Slight Moderation in Direct Costs Provide Succor for Margins
In contrast to most of its downstream peers, CONOIL’s Cost-to-Sales (CtS) narrowed slightly to 89.22% in Q3:2019 (Q3:2018: 90.23%). Direct costs pitched in at NGN36.14bn for the quarter (vs. NGN28.26bn last year and NGN32.85bn in Q2:2019), on the back of a slim improvement in White product costs. Industry players have been distressed by elevated landing costs this year (currently c.NGN225.00 per litre),with consequently pressured margins, but CONOIL has managed to keep CtS at 90.19%. Even then, costs are growing faster than revenues. (55.57%, Y-o-Y). Currently, only TOTAL (88.69%) boasts of a better performance than the company in the management of direct costs. OPEX-to-Sales for 9M:2019 also printed lower at 6.09% (vs. 9.08% in 9M:2018), with OPEX at NGN6.86bn. Interestingly, the company’s depreciation expense ticked up by 34.29% (NGNO.40bn) despite a steady decline in the value of tangible non-current assets.
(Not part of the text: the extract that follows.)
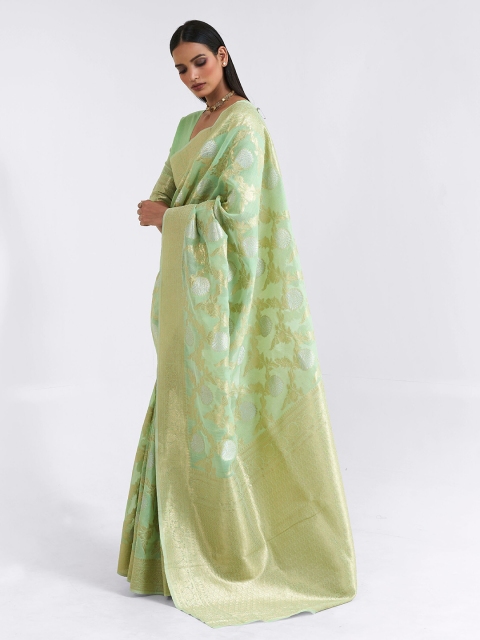 

elora Lime Green & Gold-Toned Floral Zari Silk Blend Saree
Administrative expenses also increased by 20.91%, due to higher staff-related costs in the quarter. EBITDA was at NGN5.19bn, from NGN4.65bn a year ago, while operating profit also advanced by 14.25% to reach NGN4.29bn. Pre-tax and Post-tax profits were however dragged by a 22.87% increase in overdrafts (necessitated by delays in payment of outstanding subsidy claims), as finance costs ticked up by 23.53%. After-tax earnings to date is NGN1.70bn, implying a net margin of 1.51% (vs. NGN1.59bn and 2.09% in 9M: 2018). 2019FY earnings is now expected at NGN2.45bn.
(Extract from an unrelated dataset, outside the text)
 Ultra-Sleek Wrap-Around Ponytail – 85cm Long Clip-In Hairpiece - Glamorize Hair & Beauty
Balance Sheet Management Can Unlock Superior Shareholder Value
In the year to date, CONOIL has improved the management of its working capital – inventories are down 8.03% y-o-y (NGN8.41bn), receivables also declined by 25.10% (NGN22.69bn), while defraying NGN14.89bn (42.45%) of its payables from last year. However, the rising debts (+22.87% Q-0-Q; NGN11.95bn) continue to pressure bottom-line. Given the sizeable cash hoard of NGN17.24bn, we believe CONOIL can do better at managing its growing interest expenses by taking on cheaper debt to free up funds for expansion initiatives or for distribution to shareholders.
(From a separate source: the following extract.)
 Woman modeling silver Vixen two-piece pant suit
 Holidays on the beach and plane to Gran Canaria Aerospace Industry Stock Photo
Outlook and Recommendation
With these 9M:2019 results, CONOIL has consolidated its status as the best performer in the downstream segment, even though this is currently not mirrored by stock price performance due to concerns about the company’s corporate governance. At the minimum, we envisage a dividend yield of c. 13.00% this year, and with earnings growth expected at 36.35% (NGN2.45bn by 2019FY), implies a forward EPS of NGN3.53. Our target PE of 8.20x suggests a 2019FY Target Price of NGN28.94, with a BUY recommendation.